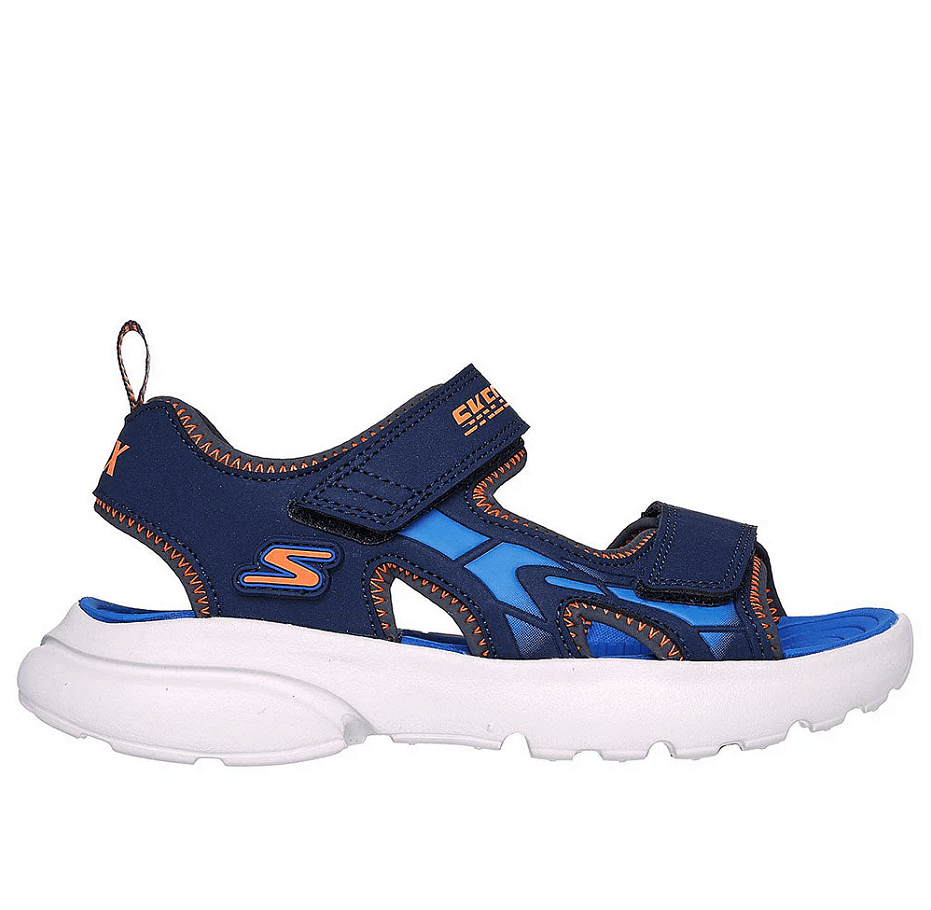 Детски сандали Skechers Razor Splash - Aqua Buddies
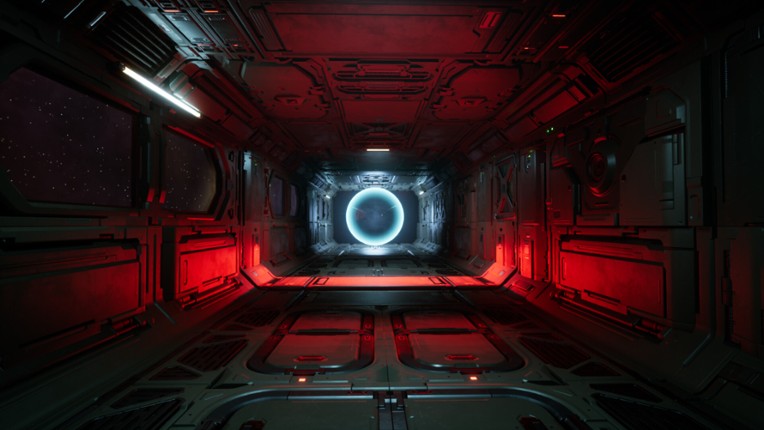 Mars Mirage screenshot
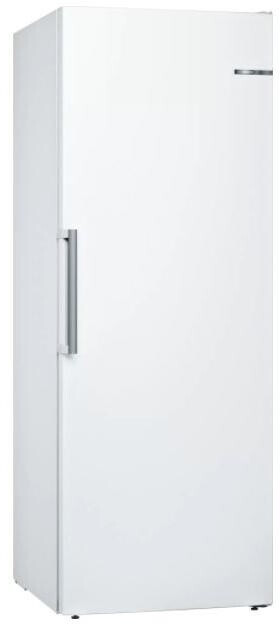 Bosch GSN58AWDP Serie 6 XXL-Gefrierschrank, 191 x 70 cm extra breit, freistehend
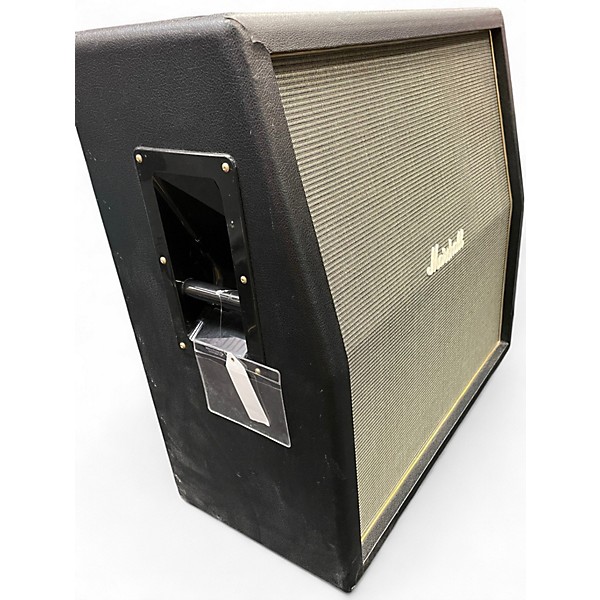Used Marshall Origin ORI412 A Guitar Cabinet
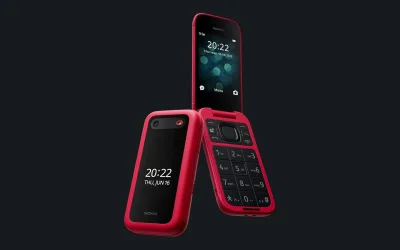 The Most Stylish Feature Phones You Can Buy in 2026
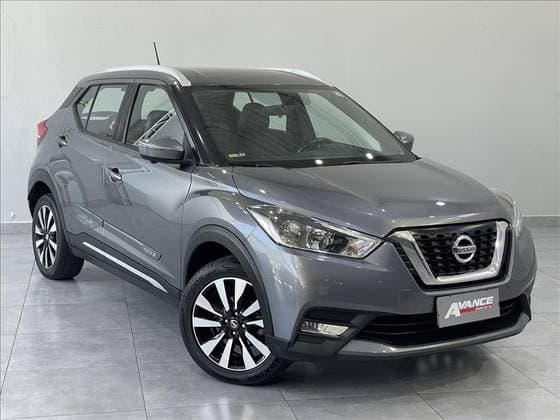 Carro 1.6 16V FLEXSTART SL 4P XTRONIC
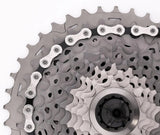 KMC X11 11 Speed Chain | The Bike Affair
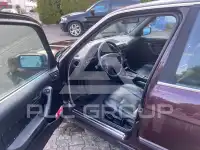 1994 BMW 525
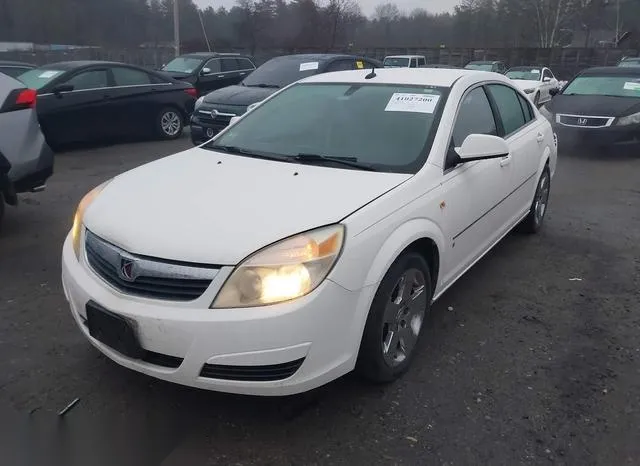 1G8ZS57N47F158018 2007 2007 Saturn Aura- XE 2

★ ★ ★

*What you need to do*
Every entry must be retyped exactly, with the pictures removed.

*Problem solution*
 Детски сандали Skechers Razor Splash - Aqua Buddies
 Mars Mirage screenshot
 Bosch GSN58AWDP Serie 6 XXL-Gefrierschrank, 191 x 70 cm extra breit, freistehend
Used Marshall Origin ORI412 A Guitar Cabinet
 The Most Stylish Feature Phones You Can Buy in 2026
 Carro 1.6 16V FLEXSTART SL 4P XTRONIC
 KMC X11 11 Speed Chain | The Bike Affair
 1994 BMW 525
 1G8ZS57N47F158018 2007 2007 Saturn Aura- XE 2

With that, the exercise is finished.